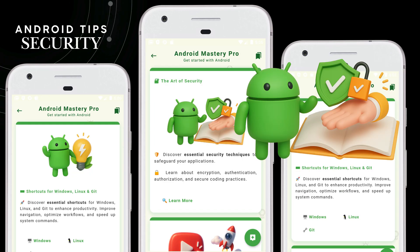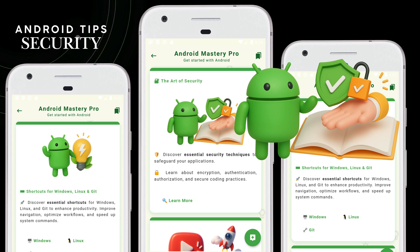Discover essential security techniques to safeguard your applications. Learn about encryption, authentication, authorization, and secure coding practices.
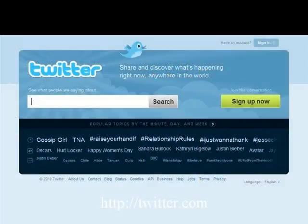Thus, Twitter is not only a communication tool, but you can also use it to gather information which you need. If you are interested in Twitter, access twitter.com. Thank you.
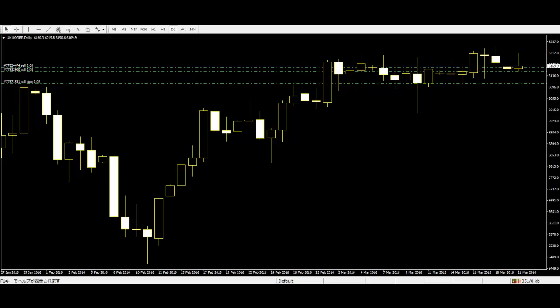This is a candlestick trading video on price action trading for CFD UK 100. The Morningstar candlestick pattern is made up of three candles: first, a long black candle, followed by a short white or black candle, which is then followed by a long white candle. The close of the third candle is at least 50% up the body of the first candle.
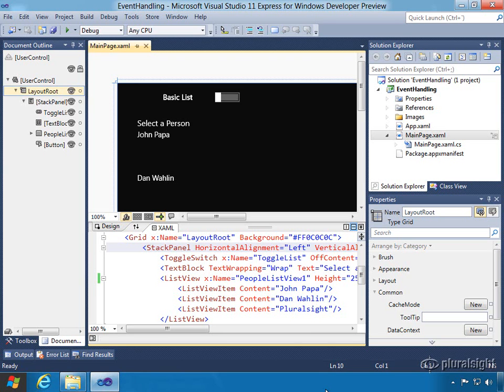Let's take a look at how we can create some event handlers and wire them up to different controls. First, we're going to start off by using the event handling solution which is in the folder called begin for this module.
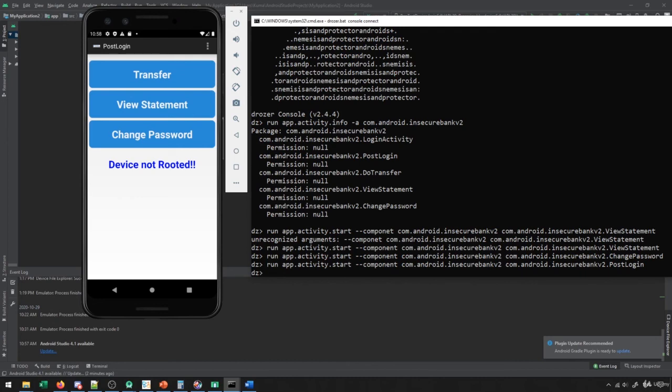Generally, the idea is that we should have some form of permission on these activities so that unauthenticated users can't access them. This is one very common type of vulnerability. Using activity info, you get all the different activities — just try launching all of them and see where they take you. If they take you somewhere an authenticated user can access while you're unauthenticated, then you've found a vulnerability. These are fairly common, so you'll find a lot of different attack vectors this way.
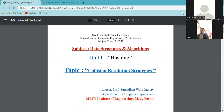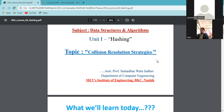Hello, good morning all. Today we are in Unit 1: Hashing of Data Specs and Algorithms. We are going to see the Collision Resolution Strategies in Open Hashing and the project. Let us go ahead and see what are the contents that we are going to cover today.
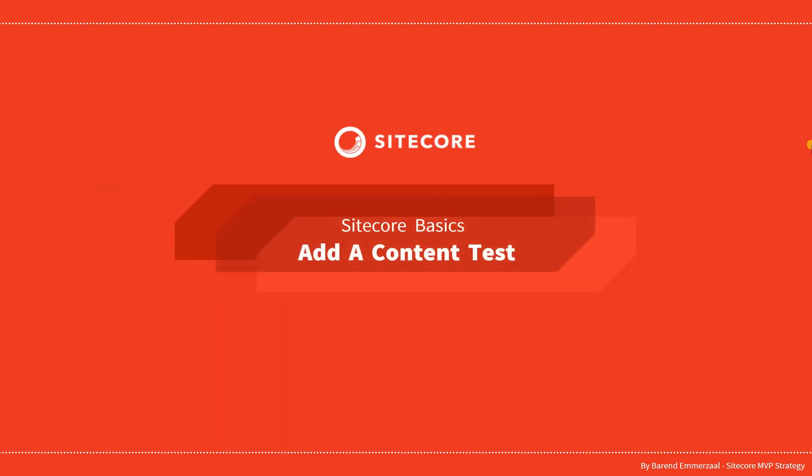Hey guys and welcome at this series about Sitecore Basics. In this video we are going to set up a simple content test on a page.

Assignment - The records above should be copied word for word, with the pictures left out.

Output of the exercise -
Discover essential security techniques to safeguard your applications. Learn about encryption, authentication, authorization, and secure coding practices.
Thus, Twitter is not only a communication tool, but you can also use it to gather information which you need. If you are interested in Twitter, access twitter.com. Thank you.
This is a candlestick trading video on price action trading for CFD UK 100. The Morningstar candlestick pattern is made up of three candles: first, a long black candle, followed by a short white or black candle, which is then followed by a long white candle. The close of the third candle is at least 50% up the body of the first candle.
Let's take a look at how we can create some event handlers and wire them up to different controls. First, we're going to start off by using the event handling solution which is in the folder called begin for this module.
Generally, the idea is that we should have some form of permission on these activities so that unauthenticated users can't access them. This is one very common type of vulnerability. Using activity info, you get all the different activities — just try launching all of them and see where they take you. If they take you somewhere an authenticated user can access while you're unauthenticated, then you've found a vulnerability. These are fairly common, so you'll find a lot of different attack vectors this way.
Hello, good morning all. Today we are in Unit 1: Hashing of Data Specs and Algorithms. We are going to see the Collision Resolution Strategies in Open Hashing and the project. Let us go ahead and see what are the contents that we are going to cover today.
Hey guys and welcome at this series about Sitecore Basics. In this video we are going to set up a simple content test on a page.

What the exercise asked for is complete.